Cependant, Monsieur Chalard ignore ou feint d'ignorer que la géographie n'est pas que fonctionnelle, elle est aussi humaine et elle résulte d'une géo-histoire de long terme qui ne se limite pas à celle des départements créés il y a 230 ans mais qui est aussi celle des provinces qui les sous-tend parfois depuis presque deux mille ans comme dans le cas de la Normandie (Lyonnaise seconde + province ecclésiastique de Rouen + duché de Normandie + cinq départements + région Normandie).
Monsieur Chalard assume son départementalisme.
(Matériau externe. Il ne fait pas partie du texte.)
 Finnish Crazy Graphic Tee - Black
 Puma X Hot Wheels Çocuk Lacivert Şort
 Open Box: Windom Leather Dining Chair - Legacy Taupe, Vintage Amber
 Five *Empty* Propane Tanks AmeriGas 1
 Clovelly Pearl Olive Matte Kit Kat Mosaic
Nous assumons ici notre régionalisme, un régionalisme authentique qui prend, à la fois, la région et le département au sérieux à l'instar de ce que le grand historien Fernand Braudel avait préconisé quand dans son maître livre sur "l'identité de la France", il en appelait à cesser de jouer avec la géographiie historique de notre pays.
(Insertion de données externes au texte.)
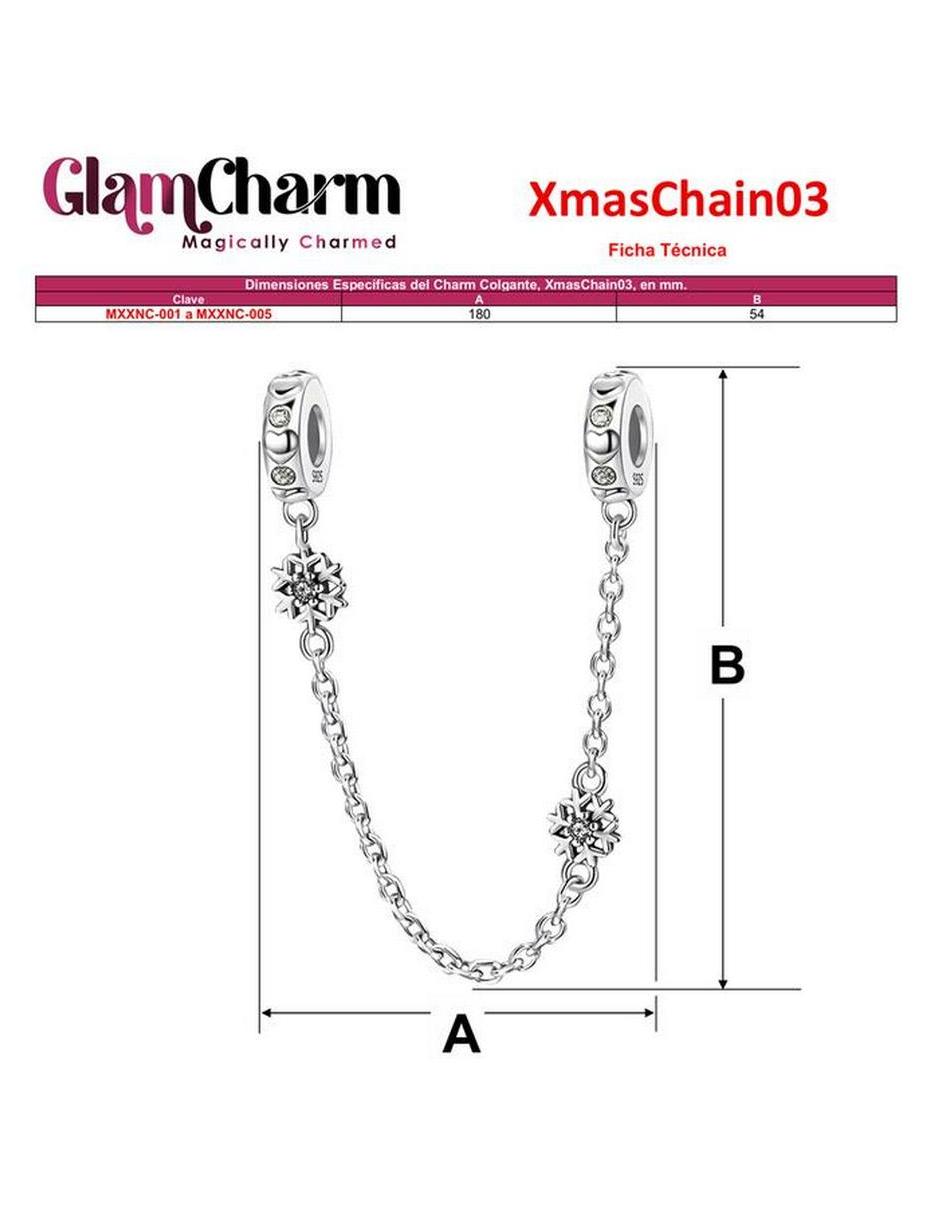 Charm para pulseras de semicircular 6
Car ce sont de vraies régions-provinces (telles que la Normandie) qui permettraient au département de jouer pleinement son rôle de territoire intermédiaire entre zones urbaines et zones rurales avec des espaces vécus encore à taille humaine, clairement identifiés qui permettent aussi l'enracinement nécessaire.
Monsieur Chalard ne va pas jusqu'au bout de la démarche qui consisterait, en priorité, à réparer les erreurs géographiques de la réforme de 2015 en faisant en sorte que la carte régionale coïncide à peu près partout avec la carte géo-historique. Puis, à l'échelle inférieur, des départements pourraient fusionner ou avoir leur périmètres légèrement modifiés comme dans la proposition ci-dessus pour, là encore, retrouver les cohérences et les évidences géo-historiques desquelles découlent les fonctionnalités contemporaines.
Bref! les conclusions de Monsieur Chalard gagneraient en pertinence s'il cessait de faire de la géographie à l'aveugle, c'est-à-dire, en ignorant les lumières de l'Histoire.